I find it to be a “tree in the woods” sort of question. If you’re a sexual object of sorts (she has to be, as she’s like wearing no clothes), but you know you are, are you really? That is, if you have embraced your sexuality without letting it define you, you’ve controlled it instead of letting it control you, are you allowing yourself to be sexualized or are you just expressing yourself as a female?

It’s an interesting issue, and I’d love to hear your opinions. Meanwhile, I’ll be singing “Drunk in Love” at top volume….and trying to be cuter than this kid.

Style: It’s Not a Popularity Contest

A couple weeks ago in my business ethics class, we discussed the ethicality of Abercrombie and Fitch’s decision to not sell clothing in plus sizes, stating that they didn’t want plus-sized people wearing their clothes. One of my classmates commented, “I just can’t live with the idea of a larger girl coming home to her parents crying asking why she can’t wear the clothes her classmates wear.”

The comment got me thinking.

While I completely agree that the implications of A&F’s decisions are upsetting, we can’t necessarily make A&F change their sizing. We can, however, change how we allow our girls to perceive style.
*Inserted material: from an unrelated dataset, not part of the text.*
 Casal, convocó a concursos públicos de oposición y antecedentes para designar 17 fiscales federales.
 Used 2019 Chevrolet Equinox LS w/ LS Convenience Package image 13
The years of junior high and high school are hard times to be female. I’ve been there. I know. Things can seem so black and white at times. You wear this brand or buy this new gadget, and you’re a cool kid. You don’t, you aren’t. This line of thinking gives young girls two perceived options: conform or be judged. For a girl who isn’t of the body shape to wear tight-fitting AE jeans or graphic tees, the options are to wear clothes that don’t flatter them and they don’t feel confident in, or to wear something different and feel judged.

It shouldn’t have to be like that.

Style is at its core a way for us to express ourselves. By letting girls routinely fall into the double bind of conformity, we are allowing them to believe that their fashion choices should reflect how they are just like everyone else. We are letting them think that sameness is valued, and that there is a “right” way to be yourself. Be yourself, as long as yourself can fit into size zero jeans.

We need to instead teach young girls that style is about confidence, about wearing things that make them feel beautiful, not popular.

Growing up, I was taught that style was about making your body shape work for you. I was taught that there was always a way to fit, to flatter, to accentuate. There was always a way to be the best version of yourself.

Because of that, I didn’t view the “popular kid” brands as some sort of unshakeable standard of high fashion. I viewed them as an option, an option that just didn’t work for me and my body shape. I was (and still am) curvy. I’m just not made to wear tight tees and low-rise jeans. But I never let that stop me from pursuing fashion.

Sure, my clothes didn’t look like everyone else’s. I wore different cuts and fits, and sometimes outlandishly different styles, but I didn’t care. I didn’t see myself as different. I saw myself as Taylor, and Taylor wore what looked good on her. That just happened to be something other than what was popular at the time.

The reactions of my peers were far from the social ostracism that might be expected. I was confident because I felt good about myself, and my peers took notice. While I made some style decisions that today I question (don’t we all do that?) I was never made fun of or excluded. I was myself. And I turned out okay!

I think curvier girls like me (and all girls!) should be taught that it is okay to not follow the crowd, if it means feeling better about yourself. I would rather be a confident me wearing a burlap sack than an awkward me attempting to cram into what everyone else deems “cool.” When style becomes about confidence, conformity becomes irrelevant. Girls are able to dress themselves in a way that makes them look in the mirror and truly love what they see, regardless of their shape.

We can’t always control the media’s messages or protect our daughters, sisters, or friends from them. But we can teach them that the messages are just that – messages. They’re not commandments, rules, or standards. We can remind them, as hard as it can be sometimes, that if popularity means shopping at a certain store, they can opt out. After all, the confidence of a woman speaks volumes more about her than the logo on her tee.